Le par. 2 énumère les mesures d'entraide judiciaire possibles sur la base du traité. A noter qu'une clause générale permet aux autorités d'ordonner d'autres mesures que celles qui sont expressément énumérées, à condition toutefois que celles-ci soient compatibles avec les buts du traité et acceptables pour les Etats contractants (let. h).

En Suisse, de telles mesures peuvent être arrêtées si nécessaire pour autant qu'elles respectent les limites imparties par le droit national. La clause générale susmentionnée devrait offrir une certaine souplesse dans le cas d'espèce et permettre de tenir compte de besoins particuliers et d'évolutions futures.

4563

Art. 2

Inapplicabilité

Sont exclus du champ d'application du traité l'extradition, l'arrestation ou la recherche de personnes poursuivies pénalement ou condamnées pour une infraction, ainsi que l'exécution de jugements pénaux.

Art. 3

Motifs pour refuser ou différer l'entraide judiciaire

Cette disposition énumère exhaustivement les motifs qui permettront de refuser l'entraide judiciaire. Il s'agit de motifs classiques de refus. Ces motifs sont présentés sous forme potestative, afin que l'entraide judiciaire soit la plus large possible, mais aussi pour permettre une certaine flexibilité, tenant compte de l'évolution du droit.

Quant à savoir si l'Etat requis est tenu de refuser l'entraide judiciaire dans les cas énumérés, c'est là un point qui se détermine chaque fois à la lumière du droit national. Pour la Suisse les dispositions pertinentes sont essentiellement les art. 1a, 2, 3 et 5 EIMP, dont la liste des motifs de refus est inspirée. Ces dispositions prévoient, de manière générale, une irrecevabilité de la demande d'entraide fondée sur l'un des motifs justifiant un refus5.

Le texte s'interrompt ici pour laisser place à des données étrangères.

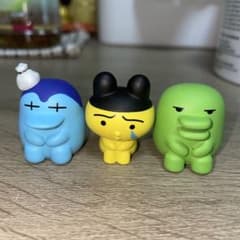 たまごっち まちぼうけ ミニフィギュア 3体セットのサムネイル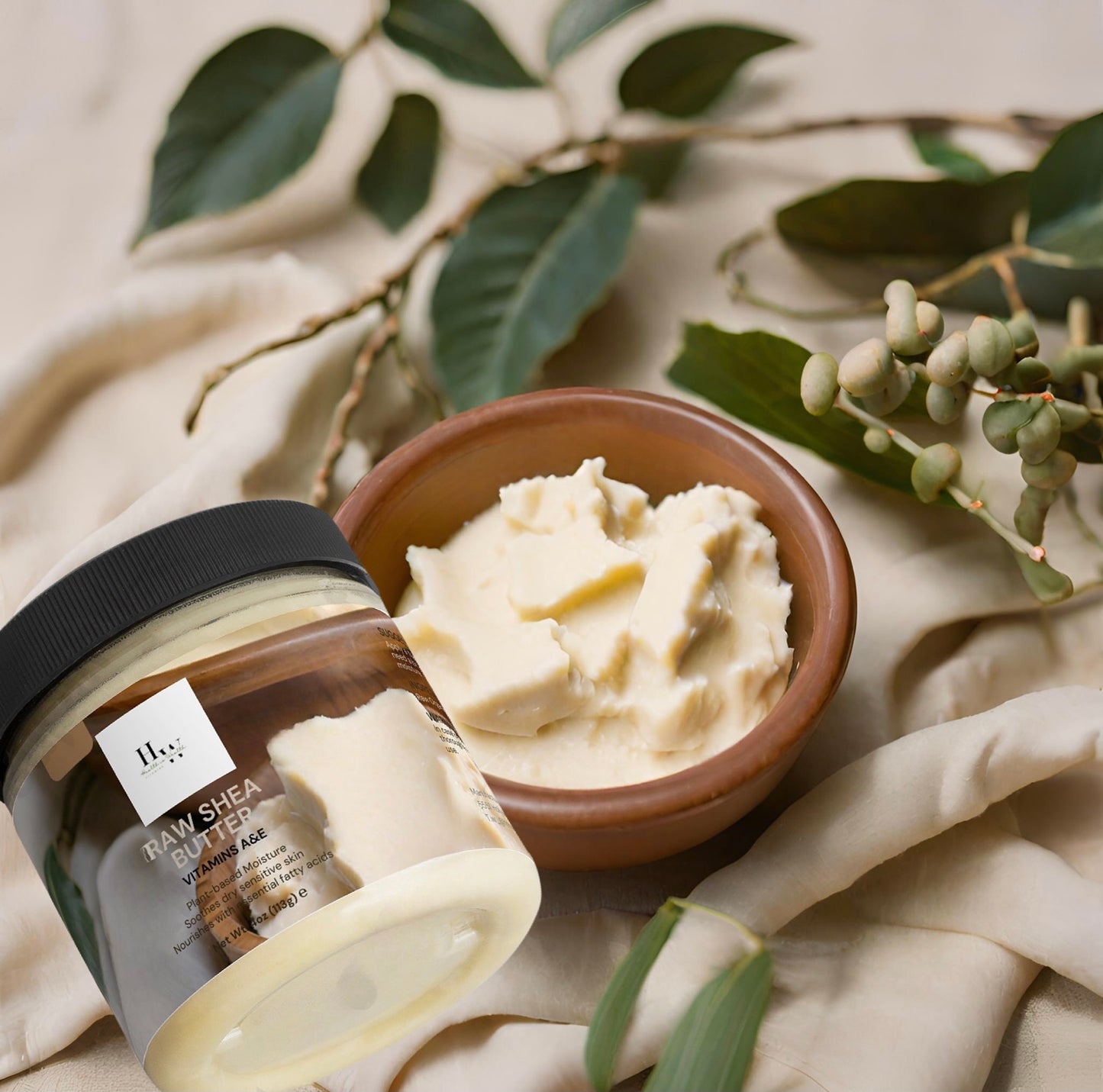 Raw Shea Butter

En vertu du par. 1, l'entraide judiciaire pourra être refusée si la procédure étrangère se rapporte à un délit politique, à une infraction fiscale ou à une infraction réprimée exclusivement par la législation militaire (let. a et b); il en va de même lorsque l'exécution de la demande menace de porter atteinte à la souveraineté, à la sécurité, à l'ordre public ou à d'autres intérêts essentiels de l'Etat requis (let. c). Selon la doctrine juridique suisse, la notion d'«ordre public» recouvre également le respect des droits humains fondamentaux dont font notamment partie le droit à la vie, l'interdiction de la torture ou de tout autre traitement ou châtiment cruel, inhumain ou dégradant ainsi que les garanties de procédure élémentaires. Au niveau mondial, ces garanties figurent notamment dans le Pacte de l'ONU relatif aux droits civils et politiques6. En se prévalant de l'«ordre public», la Suisse refusera d'accorder l'entraide judiciaire aux Philippines par exemple lorsque la demande vise une infraction passible de la peine de mort, cela tant que cette peine n'aura pas été définitivement abolie dans ce pays. Est réservé cependant le cas d'espèce pour lequel les Philippines donnent des assurances suffisantes (aux yeux de la Suisse) que la peine de mort ne sera pas appliquée7.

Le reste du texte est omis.